In certain scenarios, it may be necessary to process arrays with vector or matrix elements, such as an RGB pixel map (vec3). Taichi provides support for these types of arrays through the use of vector and matrix data types. An example of this would be creating an ndarray for a pixel map with vec3 elements, as demonstrated in the following code snippet:
import taichi as ti
ti.init(arch=ti.cuda)
arr_ty = ti.types.ndarray(dtype=ti.math.vec3, ndim=2)
@ti.kernel
def proc(rgb_map : arr_ty):
for I in ti.grouped(rgb_map):
rgb_map[I] = [0.1, 0.2, 0.3]
# do something
rgb = ti.ndarray(dtype=ti.types.vector(3, ti.f32), shape=(8,8))
proc(rgb)
It does not matter whether you use the range-for or struct-for to iterate over the ndarrays.
tip
In the above code, we use arr_ty
as a type alias for the 2D ndarray type of vec3 elements. The type alias makes type annotations shorter and easier to read.
Using external data containers in ti.kernel
The introduction of Taichi ndarrays achieves the seemless interop with external data containers. With the argument annotation ti.types.ndarray
, a kernel accepts not only Taichi ndarrays but also external arrays. Currently, the external arrays supported by Taichi are NumPy ndarrays and PyTorch tensors.
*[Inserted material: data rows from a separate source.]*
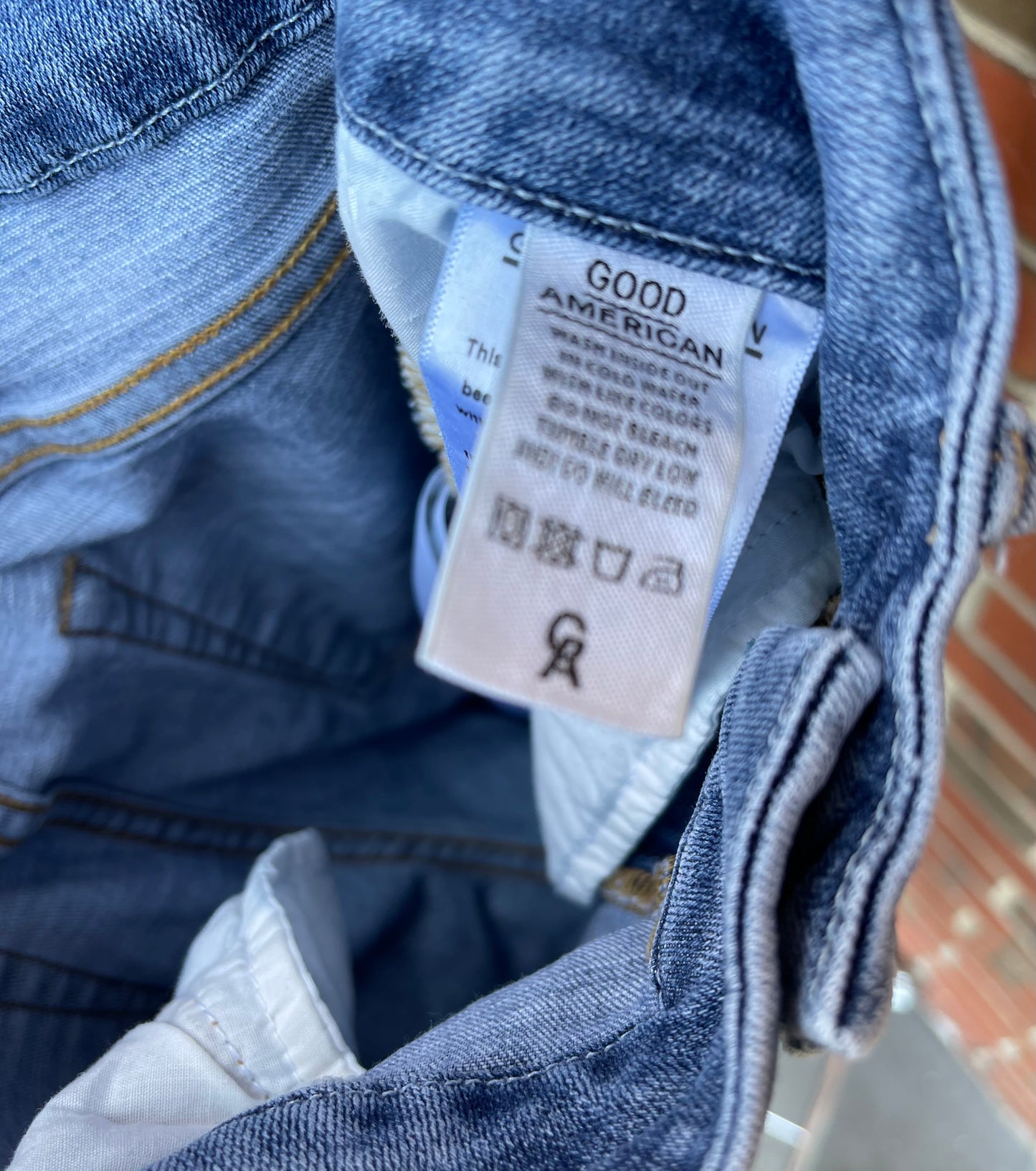 GOOD AMERICAN HIGH RISE JEANS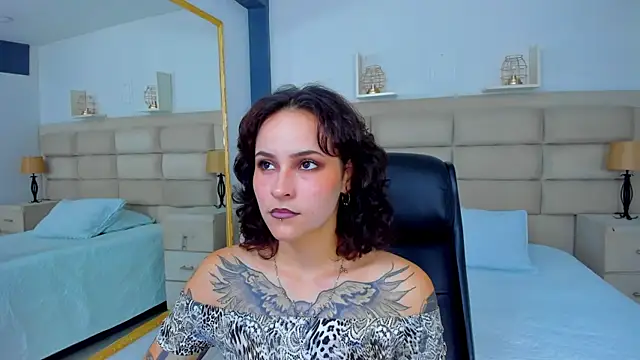 Snapshot of AnnyThompson_ chatting on November 2025 08:30:02 PM AnnyThompson online show from November 2025 08:30:02 PM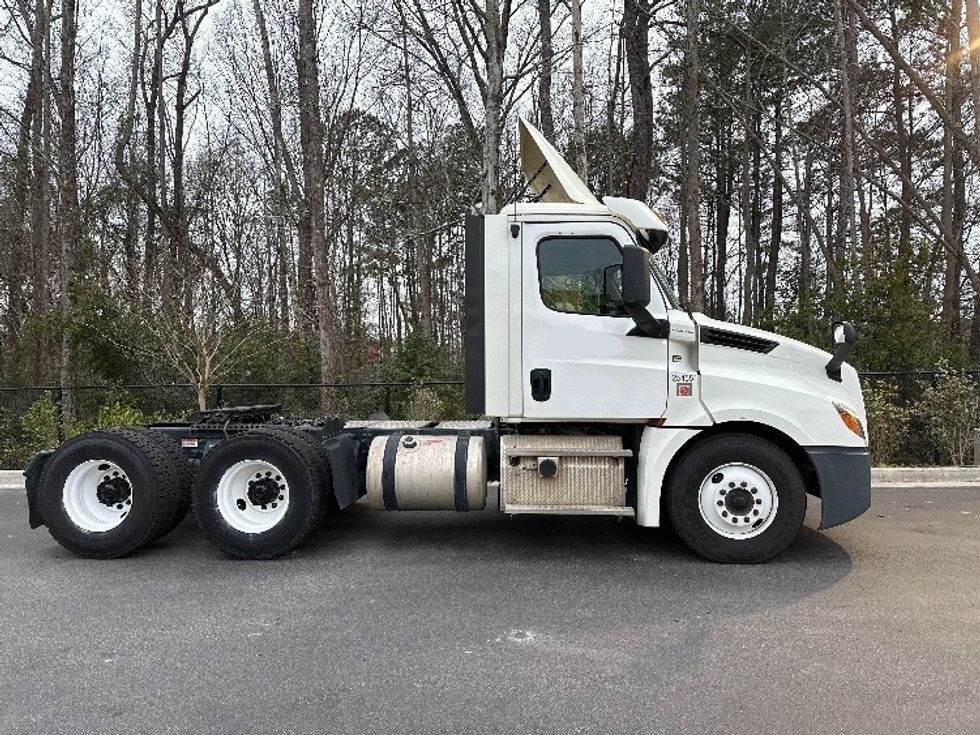 Day Cab Tractor-Heavy Duty Tractors-Freightliner-2019-T12664ST-Ladson-SC-278,473\n\t\tmiles-$ 61,750 - Image 8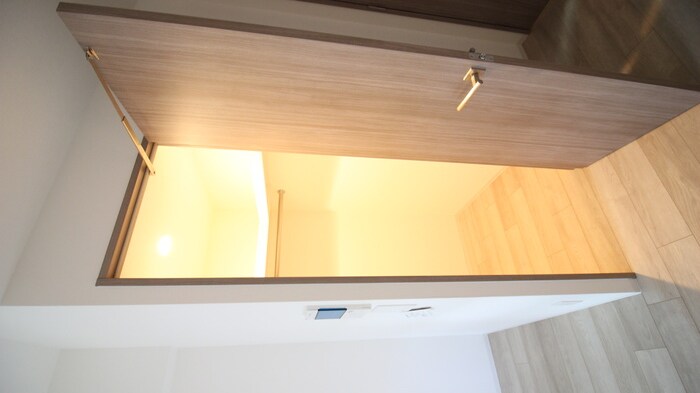 ｴｽﾘｰﾄﾞ難波THE　FIRST(1307)の物件内観写真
The code snippet below defines a Taichi kernel that adds 1.0
to every element in the ndarray arr
.
ti.init(arch=ti.cuda)
@ti.kernel
def add_one(arr : ti.types.ndarray(dtype=ti.f32, ndim=2)):
for i in ti.grouped(arr):
arr[i] = arr[i] + 1.0
The external arrays can be fed into the Taichi kernel without further type conversions.
To feed a NumPy ndarray:
arr_np = np.ones((3, 3), dtype=np.float32)
add_one(arr_np) # arr_np is updated by taichi kernel
To feed a PyTorch tensor:
arr_torch = torch.tensor([[1, 2, 3], [4, 5, 6], [7, 8, 9]], device='cuda:0')
add_one(arr_torch) # arr_torch is updated by taichi kernel
note
Every element in the external array (arr_np
and arr_torch
) is added by 1.0
when the Taichi kernel add_one
finishes.
When the external data container and Taichi are utilizing the same device, passing arguments incurs no additional overhead. This can be seen in the PyTorch example above, where the tensor is allocated on the CUDA device, which is also the device utilized by Taichi. As a result, the kernel function can access and manipulate the data in the original CUDA buffer allocated by PyTorch without incurring any extra costs.
On the other hand, if the devices being used are different, as is the case in the first example where Numpy utilizes CPUs and Taichi utilizes CUDA, Taichi automatically manages the transfer of data between devices, eliminating the need for manual intervention on the part of the user.
tip
NumPy's default data precision is 64-bit, which is still inefficient for most desktop GPUs. It is recommended to explicitly specify 32-bit data types.
tip
Only contiguous NumPy arrays and PyTorch tensors are supported.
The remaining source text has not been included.